My involvement now is in helping people come to an understanding of what they do, in particular around helping them to identify and buy some new technology. It is vital before you shell out hard earned cash that you are clear about what it is that you need. If you are not then you may as well throw your money away.

A simple technique that I use, I refer to as as a Bayeux Tapestry. It’s very old school, involving Post-it notes, Sharpies, Sellotape and flip chart paper, yet very effective.

The Bayeux Tapestry is a long embroidered cloth which depicts the events leading up to the Norman conquest of England by William the Conqueror and ending with the Battle of Hastings, a part of history that all school children know. It is like a comic strip that tells a story and can be read as a flow of time from left to right.

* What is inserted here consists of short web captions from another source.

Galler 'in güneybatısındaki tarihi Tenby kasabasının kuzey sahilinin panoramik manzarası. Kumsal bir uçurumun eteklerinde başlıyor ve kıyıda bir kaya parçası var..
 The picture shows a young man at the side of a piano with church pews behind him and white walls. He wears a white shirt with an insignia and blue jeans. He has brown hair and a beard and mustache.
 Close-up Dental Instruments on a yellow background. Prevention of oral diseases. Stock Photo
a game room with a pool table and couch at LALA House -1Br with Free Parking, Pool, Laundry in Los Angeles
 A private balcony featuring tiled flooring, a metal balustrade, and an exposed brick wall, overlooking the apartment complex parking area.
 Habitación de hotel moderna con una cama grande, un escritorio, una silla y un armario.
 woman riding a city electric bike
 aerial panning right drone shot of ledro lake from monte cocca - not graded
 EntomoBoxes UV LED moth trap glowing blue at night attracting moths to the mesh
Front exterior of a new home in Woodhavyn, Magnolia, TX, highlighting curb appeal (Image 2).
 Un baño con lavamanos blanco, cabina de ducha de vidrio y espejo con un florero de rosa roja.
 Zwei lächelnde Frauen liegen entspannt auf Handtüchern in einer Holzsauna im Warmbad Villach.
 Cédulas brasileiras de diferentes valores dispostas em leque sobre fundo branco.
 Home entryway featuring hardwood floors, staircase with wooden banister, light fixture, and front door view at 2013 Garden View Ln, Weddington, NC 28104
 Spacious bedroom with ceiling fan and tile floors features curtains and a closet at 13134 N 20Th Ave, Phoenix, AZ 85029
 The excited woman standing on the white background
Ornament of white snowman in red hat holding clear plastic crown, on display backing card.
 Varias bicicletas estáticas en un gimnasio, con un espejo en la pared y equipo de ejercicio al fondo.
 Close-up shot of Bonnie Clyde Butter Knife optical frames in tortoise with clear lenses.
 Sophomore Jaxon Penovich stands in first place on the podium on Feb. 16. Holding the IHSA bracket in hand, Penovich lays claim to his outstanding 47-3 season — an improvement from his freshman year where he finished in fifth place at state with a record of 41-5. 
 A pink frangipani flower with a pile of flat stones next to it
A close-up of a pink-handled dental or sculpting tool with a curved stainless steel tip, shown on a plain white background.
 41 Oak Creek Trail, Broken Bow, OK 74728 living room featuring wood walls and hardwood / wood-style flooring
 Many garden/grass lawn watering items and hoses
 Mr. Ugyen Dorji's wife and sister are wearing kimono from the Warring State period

The Bayeux Tapestry technique does something similar, though it doesn’t require 70 metres of cloth. A few sheets of flip-chart paper are stuck together and laid out on a table top. Them using Post-it notes and Sharpies you write the different components or activities that make up your processes on a specific coloured note and lay them in a timeline, left to right. Using Post-it notes means that you can move then about as you remember those things that had slipped your mind.

Then, using other coloured notes, identify those things that feed into the process, inputs, and those things that come out, outputs. Keep going until you run out of ideas or energy.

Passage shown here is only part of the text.